Job Description:
Your role will focus on the development of the platform core and common platform services. You’ll solve problems related to complex cloud-infrastructure automation, multi-region networking, authentication/authorization, logging/metrics collection at scale. To provide tooling and frameworks for engineering teams for transaction tracing, performance analysis, business monitoring and alerting.
- Lead/contribute to engineering efforts from design to implementation, solving complex technical challenges around monitoring distributed systems at scale.

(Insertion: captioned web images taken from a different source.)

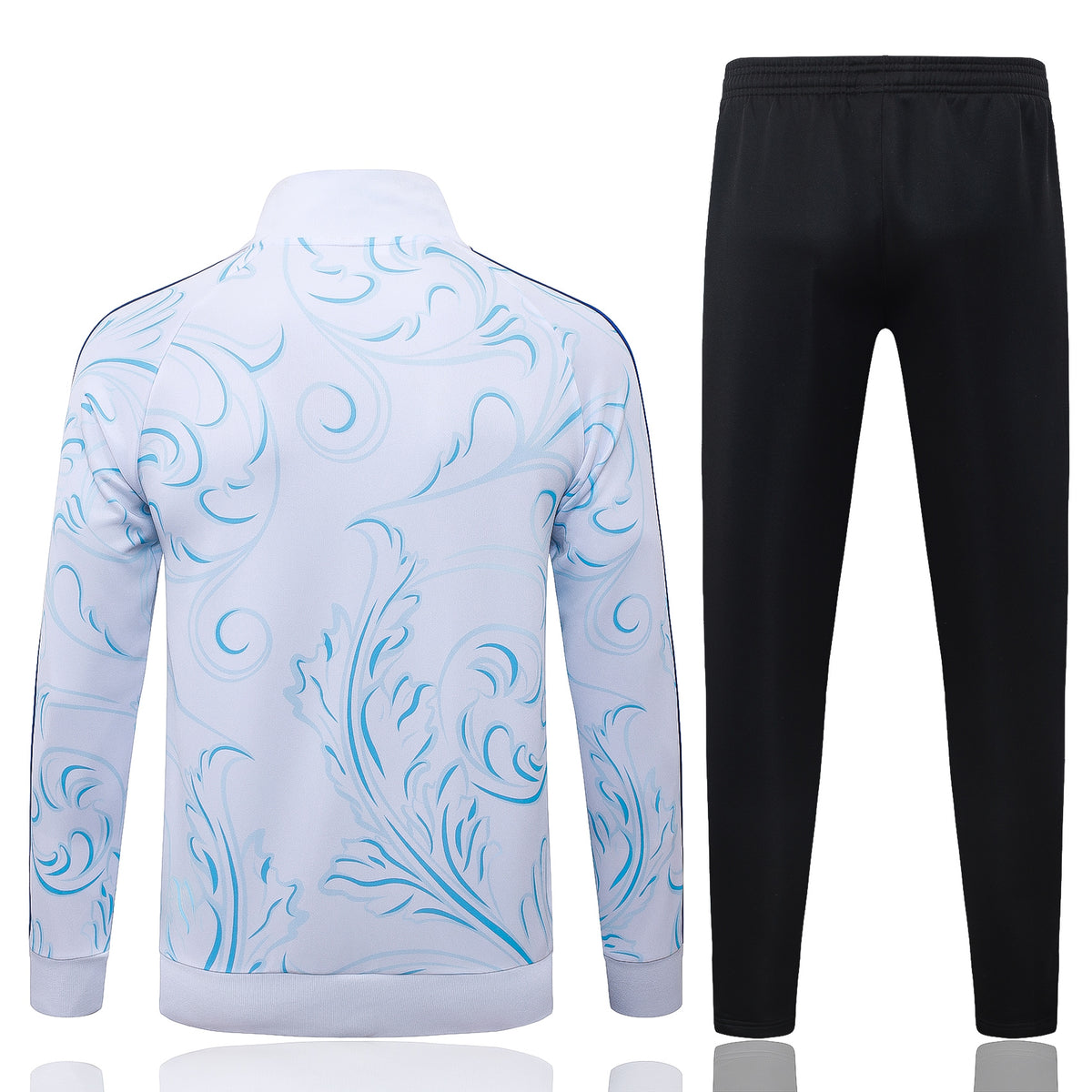 Argentina 2026/27 Full-Zip Training Set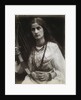 The Princess by Julia Margaret Cameron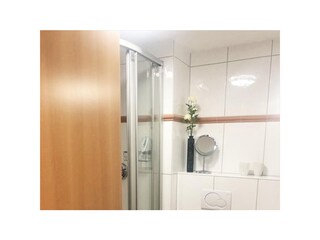 Ferienwohnung Cuxhaven Zentrum & Grimmershörn Ausstattung 22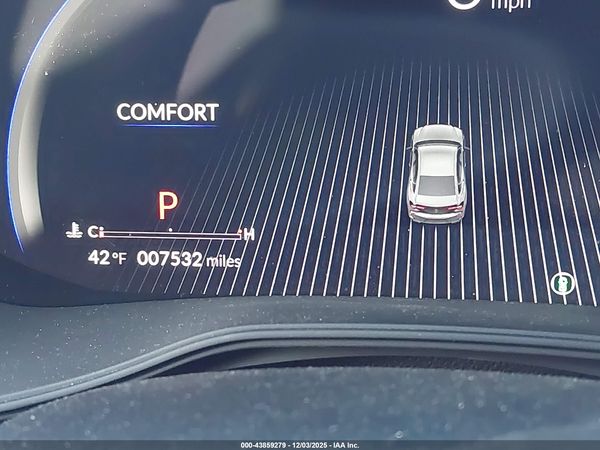 2024 ACURA TLX A-SPEC PACKAGE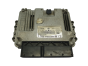Ohjausyksikkö 51805036 0281014455 Fiat Bosch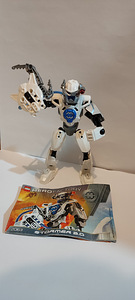 Lego hero factory 2063 (2 foto / 2)
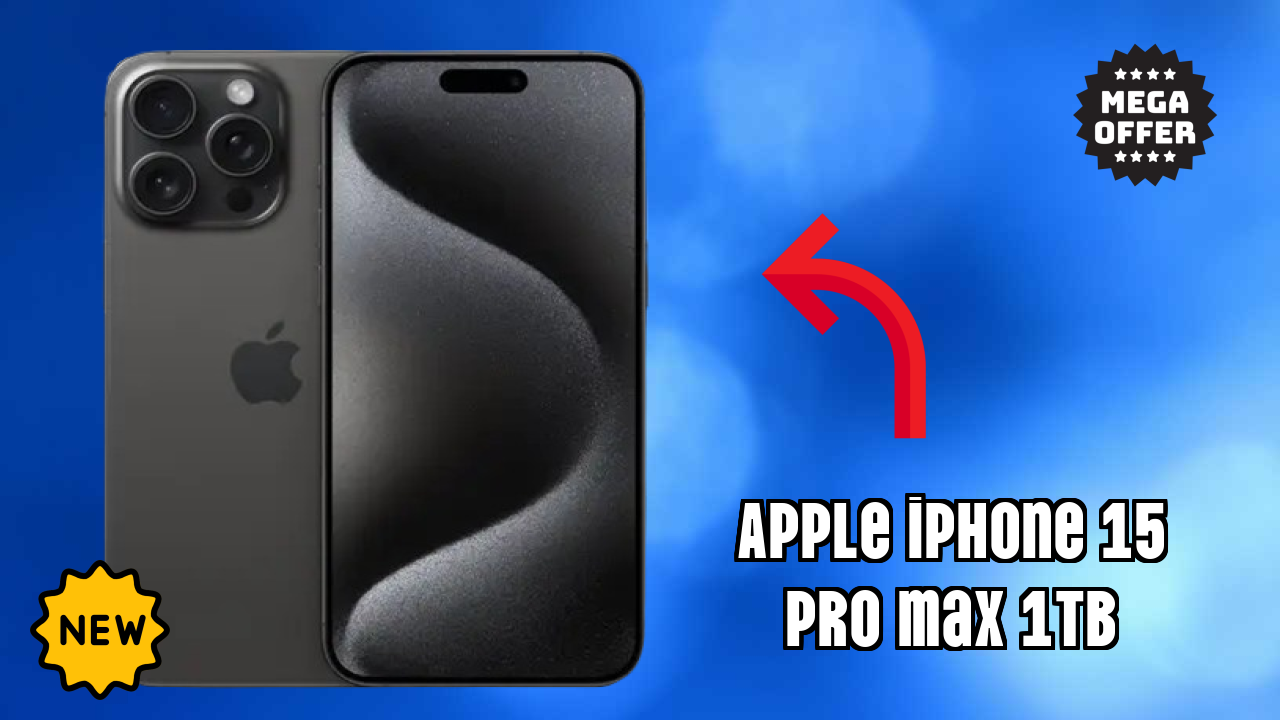 Apple IPhone 15 Pro Max 1TB Processor Test: Apple A17 Pro Performance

- Drive the roadmap for the Observability platforms in conjunction with cross-functional partners. Bring together multiple perspectives and be the key connector in this important and highly visible role
- Build, lead and mentor an Observability team; create an environment of teamwork, trust, and mutual success
- Participate in deep technical design discussions within your team, across partner teams, and ensure that we're building the right systems
- Drive adoption of best practices in monitoring, alerting, and performance.
- Work closely with development teams to implement monitoring & observability instrumentation within their platforms.
- Participate in an 24/7 oncall rotation for Monitoring & Observability services.
- Containerization & Container Orchestration (i.e. Docker, Kubernetes)
- Cloud Infrastructure Automation (Azure strongly preferred)
Qualifications
- Bachelor’s in computer science, related field, or equivalent work experience
- Good working experience from Azure cloud
- Previous experience delivering Observability at scale is required.
- Working knowledge of Kubernetes
- Distributed Systems Development (e.g. asynchronous communication patterns, consensus algorithms, distributed transactions)
- Services Programming (e.g. Go-lang, Java, Kotlin, Scala, Clojure, Python, Ruby)
- Experience working with Linux systems
- Experience with monitoring and alerting systems
- Experience designing and building reliable systems at scale
- Experience with distributed tracing systems. Jaegar / Open Zipkin
- Strong interpersonal and collaborative skills
- Tool (e.g. Terraform, CDK, Pulumi, CloudFormation)